The Trump administration announced yesterday that it would restrict the import of certain products from the Xinjiang region of China due to forced labor and human rights concerns.
Acting Commissioner of U.S. Customs and Border Protection (CBP) Mark Morgan announced the issuance of Withhold Release Orders (WROs) to detain imports suspected of being made with forced labor from the following entities in the Xinjiang Uighur Autonomous Region (XUAR) of China:
- Xinjiang Junggar Cotton and Linen Co. and its subsidiaries – Cotton
- Hefei Bitland Information Technology Co. – Computer parts
- Yili Zhuowan Garment Manufacturing Co. – Apparel products
- Baoding LYSZD Trade and Business Co. – Apparel products
- Lop County No. 4 Vocational Skills Education and Training Center – All products
- Lop County Hair Product Industrial Park – Hair products
This action is the latest in the administration’s effort to combat forced labor and other human rights violations in the Xinjiang region, home to China’s Muslim Uyghur community.

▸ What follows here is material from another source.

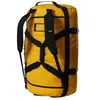 The North Face cestovní taška/batoh Base Camp Duffel XL Náhled obrázku produktu 2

In July, the administration listed the Xinjiang Production and Construction Corps (XPCC) as a specially designated national (SDN) under U.S. sanctions laws enforced by the Office of Foreign Asset Controls (OFAC) by the Treasury Department; this bars all transactions that benefit the XPCC or its subsidiaries and affiliates with a 50-percent-or-greater controlling share by XPCC. The Commerce Department has also placed companies connected to the Xinjiang region on its Entity List subject to technology export controls.
The Trump administration is considering additional actions addressing forced labor in Xinjiang, including a broader ban on products from the region.
U.S. importers should be aware that importing goods with connections to the XUAR represents a significant risk. On July 1, the secretaries of the Departments of Homeland Security, Commerce, Treasury and State issued a warning to U.S. businesses against commercial activity in the XUAR, citing potential civil and criminal liability under U.S. law and indicated that normal due diligence was not effective in the XUAR.
To learn more about this important issue and the impact on outdoor companies, please join us for a webinar “Xinjiang and Forced Labor: Sourcing Risks from China and Beyond” on Tuesday, Sept. 29, at 3 p.m. (EDT).
This webinar will provide background on the situation in the Xianjiang region and the potential impact on imports from China and third countries. It will provide an overview of the existing WROs, OFAC sanctions and Entity List designations; the additional potential sanctions; and the practical steps importers can take to identify and mitigate their risk going forward.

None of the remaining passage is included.